**ACTION ITEM**
Each record below must come back exactly as written; its pictures must not.

**GIVEN ENTRIES**

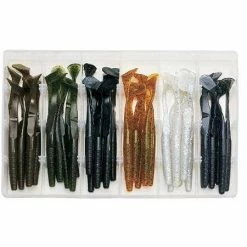 Soft Baits Gary Yamamoto 36-Piece Swim Senko Kit Variety Pack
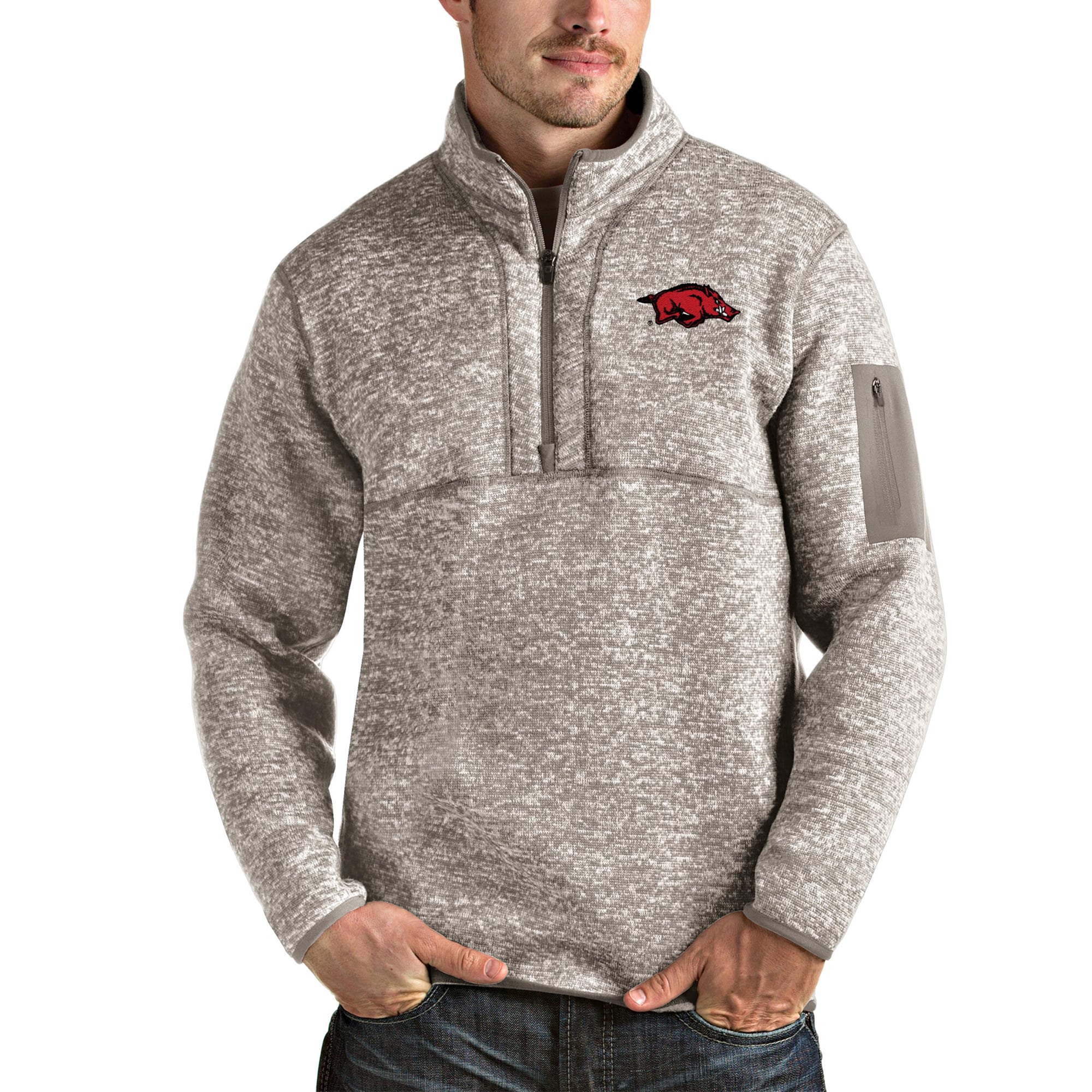 Antigua Oatmeal Arkansas Razorbacks 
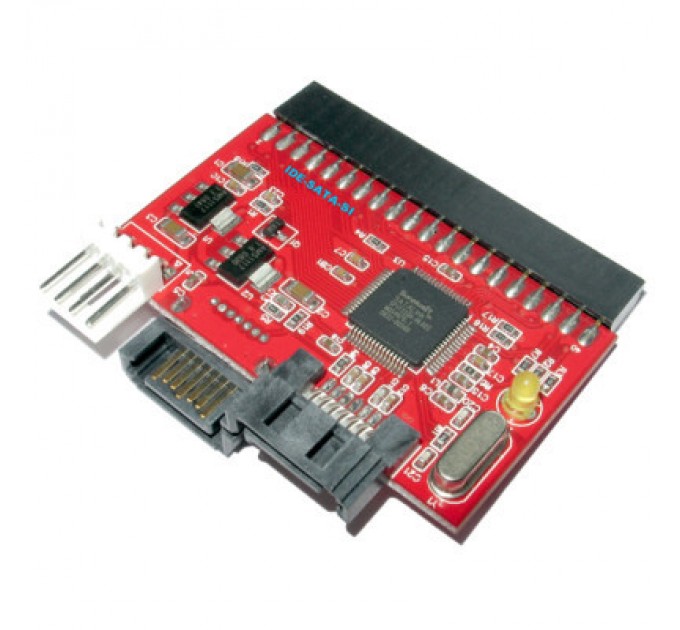 Dynamode Конвертор Dynamode IDE-->SATA - SATA-->IDE (IDE-SATA-SI)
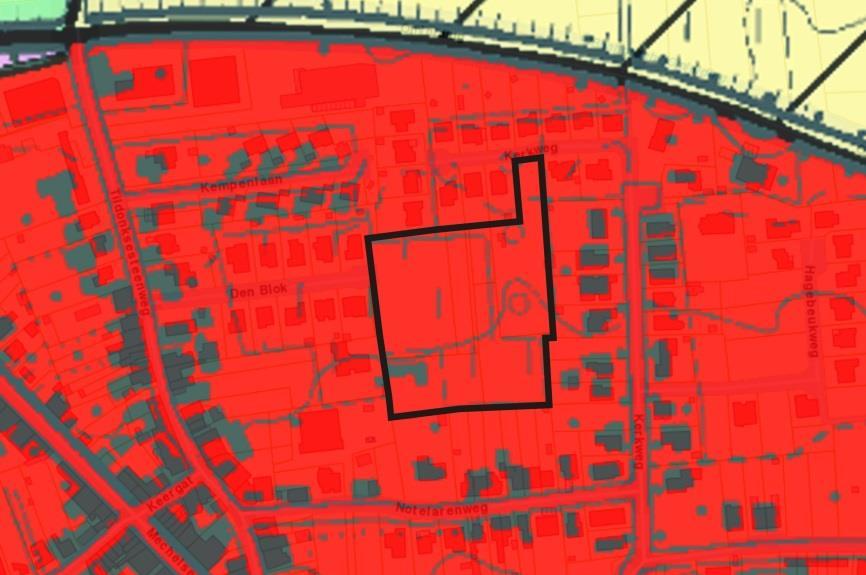 Alternatieve locaties Terrein aan Den Blok Huidig gebruik: +/- 0,9 ha braak overige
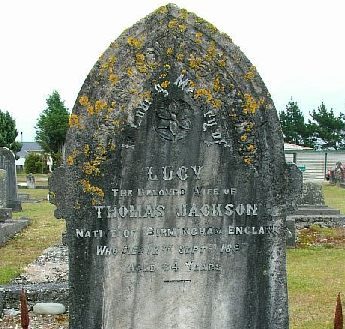 RIP, Lucy Jackson
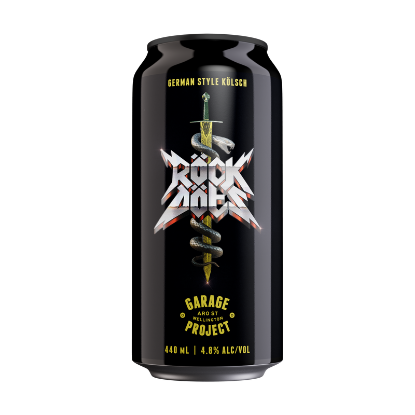 Picture of Garage Project Röck Döts German Style Kölsch Can 440ml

**ANSWER TO THE EXERCISE**
 Soft Baits Gary Yamamoto 36-Piece Swim Senko Kit Variety Pack
 Antigua Oatmeal Arkansas Razorbacks 
 Dynamode Конвертор Dynamode IDE-->SATA - SATA-->IDE (IDE-SATA-SI)
 Alternatieve locaties Terrein aan Den Blok Huidig gebruik: +/- 0,9 ha braak overige
 RIP, Lucy Jackson
 Picture of Garage Project Röck Döts German Style Kölsch Can 440ml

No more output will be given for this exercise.